Igualmente, aquella «puta vieja» del Medievo, instruida en la ciencia oculta y diestra en asuntos de lujuria y avaricia, tiene una segunda vida en la narrativa española contemporánea. He ahí Melibea no quiere ser mujer (1990), de Juan Carlos Arce, o El manuscrito de Piedra (2008) de Luis García Jambrina que, no solo rescatan al personaje de Celestina, sino que recuperan a su mismísimo autor, Fernando de Rojas, multiplicando así la nutrida prole celestinesca que no deja de registrar nuevos vástagos desde el siglo xvi. Entre ellos, es posible destacar los que ya se conocen como «segundas celestinas»: la Segunda comedia de Celestina (1534), de Feliciano de Silva; la Tercera parte de la Tragicomedia de Celestina (1536), de Gaspar Gómez; y la Tragicomedia de Lisandro y Roselia (1542), de Sancho de Muñón.7

El mal amor,
Fernando Fernán-Gómez.

Libro de mal amor,
Fernando Iwasaki.

Melibea no quiere ser mujer,
Juan Carlos Arce.

La subversiva e incatalogable obra escrita por el Arcipreste de Hita, el Libro de Buen Amor reaparece, a su vez, de la mano del escritor peruano Fernando Iwasaki, que, en un guiño a su predecesor, firma el Libro de mal amor (2000), ya no para recuperar los personajes del Arcipreste o al mismísimo Arcipreste, tal y como había hecho Fernando Fernán Gómez en 1987 con El mal amor; sino para redescubrir y revitalizar determinados recursos y tópicos literarios.

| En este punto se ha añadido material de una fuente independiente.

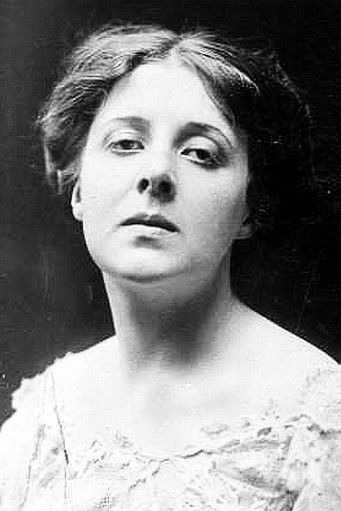 Doris Mitchell backdrop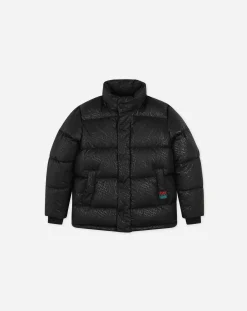 New Hooded water-repellent parka BOY Boys (4-12 Years)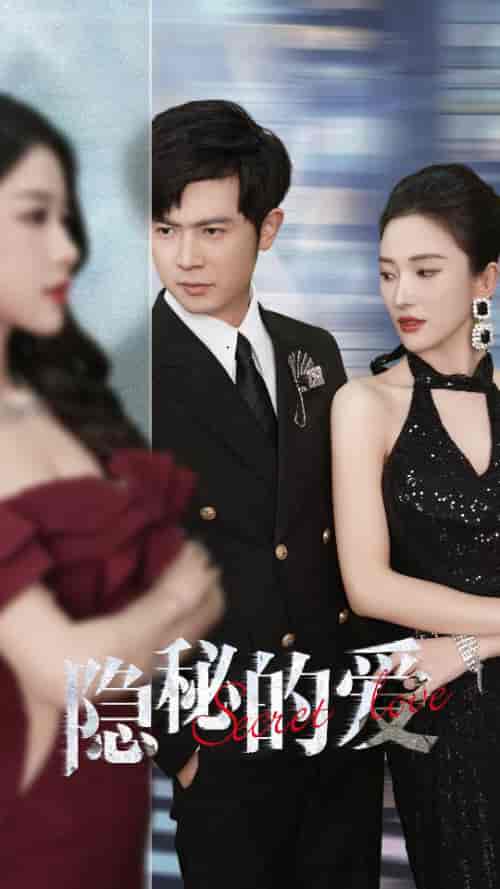 隐秘的爱（80集） - 紫橙短剧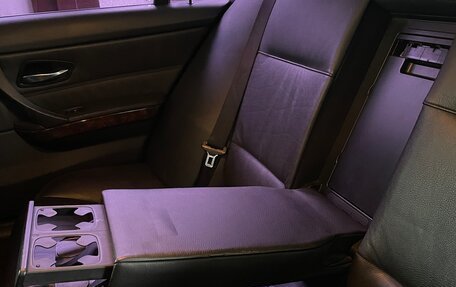 BMW 3 серия, 2006 год, 949 000 рублей, 16 фотография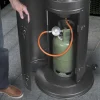 Eurom Area Lounge Heater Terrasverwarmer
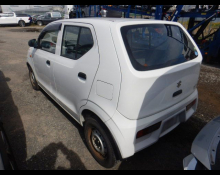 Suzuki Alto 2020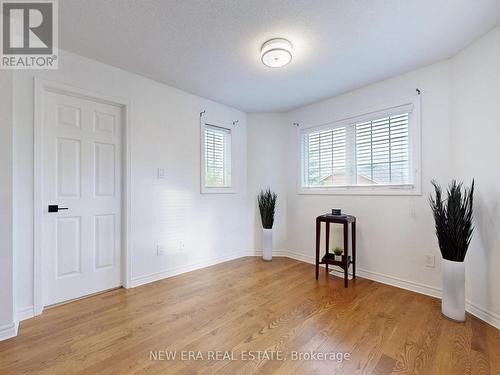 5380 Floral Hill Crescent, Mississauga, ON - Indoor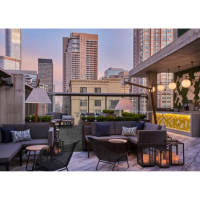 August Professional Interchange @ Twenty Six Chicago Rooftop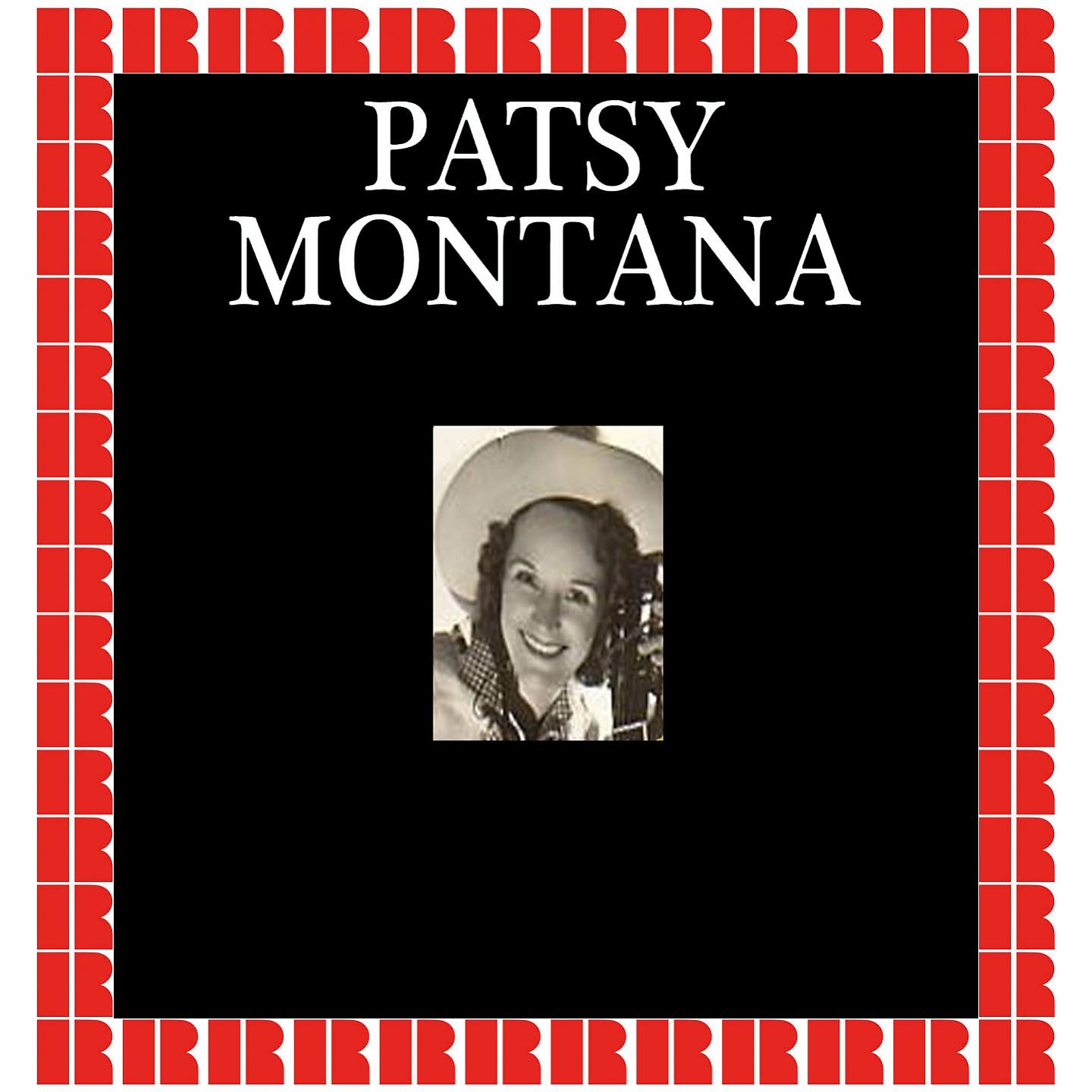 Постер альбома Patsy Montana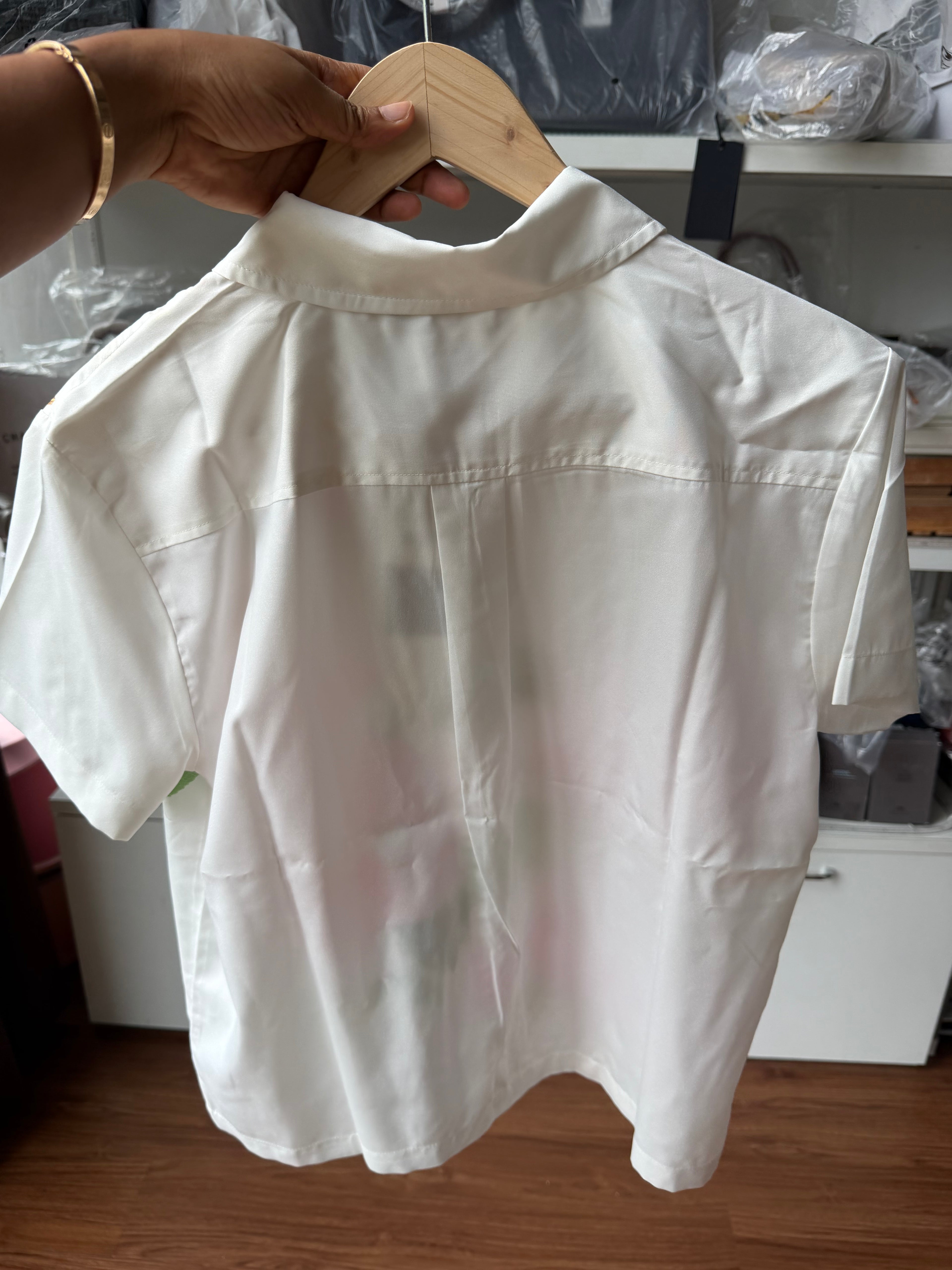 KARL LAGERFIELD SHIRT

No es casual, entonces, que fragmentos del anónimo Cantar de mio Cid, de La Celestina o Tragicomedia de Calisto y Melibea compuesta por el bachiller Fernando de Rojas, o del Libro de buen amor, de aquel desenfadado Arcipreste, destellen y se repitan, con recurrencia y sin ningún tipo de pudor, entre las páginas de estas novelas. Y por ello conviene dedicar un breve espacio a la exposición y comentario de determinados fragmentos que den cuenta de esta deuda intertextual contraída por la narrativa contemporánea con la literatura medieval; fragmentos que, a su vez, ilustren de manera clara la clasificación de relaciones intertextuales propuesta por Gérard Genette (1982).8

3.- Ubi sunt?

Siguiendo un criterio basado tanto en la explicitud de la referencia como en su literalidad, Gérard Genette distinguía entre tres tipos diferentes de estrategias intertextuales: la cita, la alusión y el plagio. La primera de ellas, la cita, constituye la fórmula intertextual más evidente, pero al mismo tiempo la más «honrada», ya que se trata de un préstamo textual fiel a la obra precedente, literal, que declara su procedencia y aparece normalmente entre comillas. De este modo, y teniendo en cuenta que su eje argumental ficcionaliza el proceso de escritura de aquella obra medieval, la cita es un mecanismo de suma importancia en Melibea no quiere ser mujer, de Juan Carlos Arce. Sirva como ejemplo este pequeño fragmento de la novela, que echa mano, manifiestamente, del comienzo del Acto III de La Celestina (en Russell, 2008: 295):

Iniciaron el tercer acto apurando una jarra de vino y entonces, casi ebrios, tras un beso, la Lisona dijo:
–Pongamos algo antes de ese encuentro.
–Yo lo veo ya hecho. Celestina pregunta: «¿A qué vienes hijo?» Y Sempronio le contesta.
–Pongamos impaciencia, pongamos: «¡Qué despacio anda la vieja! ¡Menos sosiego traían sus pies a la venida!»
–A dineros pagados, brazos quebrados −dijo Fernando entonces en una pura carcajada que contagio a la Lisona.
–¡Escribe eso, escribe! (Arce, 1991: 127).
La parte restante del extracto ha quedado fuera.